What is needed
Your reply should hold only the lines from the one containing "this 1024×677 image." to the final line of the listing below, restated word for word.

Available data
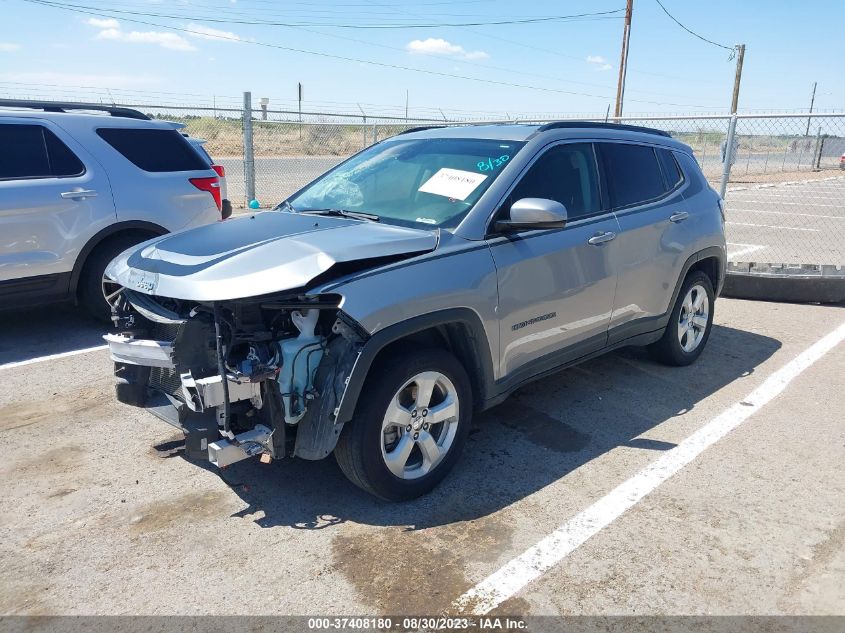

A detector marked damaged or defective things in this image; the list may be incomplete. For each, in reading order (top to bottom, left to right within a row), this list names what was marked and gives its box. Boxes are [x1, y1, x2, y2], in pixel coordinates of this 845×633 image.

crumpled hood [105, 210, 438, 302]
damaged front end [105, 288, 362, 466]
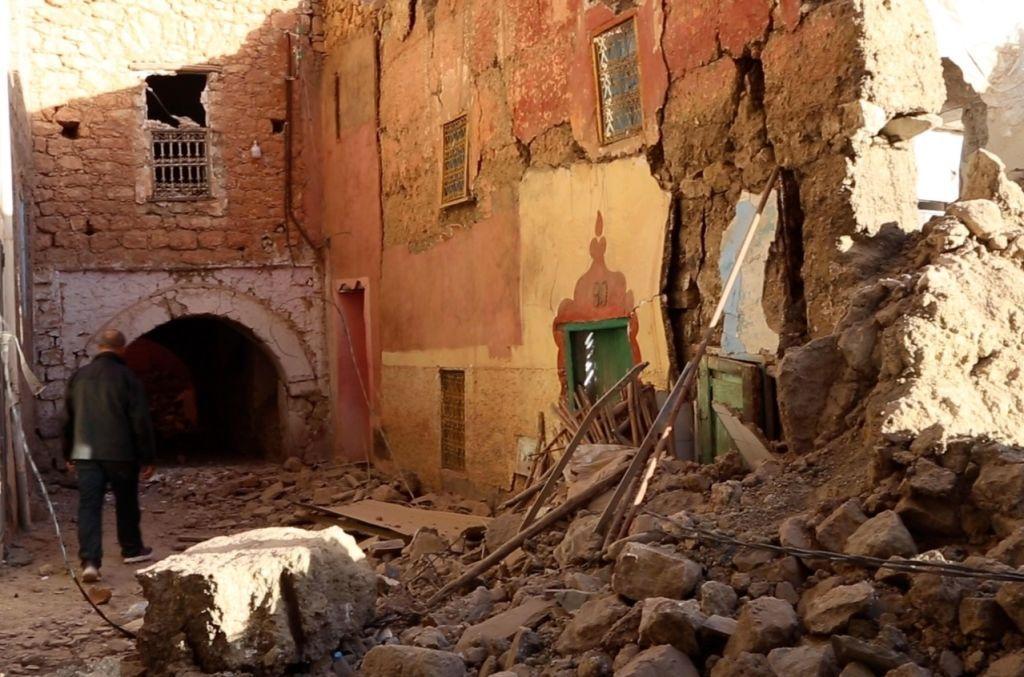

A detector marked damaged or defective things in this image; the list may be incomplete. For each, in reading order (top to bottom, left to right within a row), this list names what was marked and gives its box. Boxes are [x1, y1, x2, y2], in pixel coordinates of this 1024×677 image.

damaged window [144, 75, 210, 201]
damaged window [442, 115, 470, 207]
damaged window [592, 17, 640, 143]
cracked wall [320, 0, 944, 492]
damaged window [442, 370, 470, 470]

Solved problem
A detector marked damaged or defective things in this image; the list may be incomplete. For each, in reading order (top to bottom, left to right within a row), this list names what was marked and gives its box. Boxes are [x1, y1, x2, y2], in pixel coordinates of this 1024×677 image.

damaged window [144, 75, 210, 201]
damaged window [442, 115, 470, 207]
damaged window [592, 17, 640, 143]
cracked wall [320, 0, 944, 492]
damaged window [442, 370, 470, 470]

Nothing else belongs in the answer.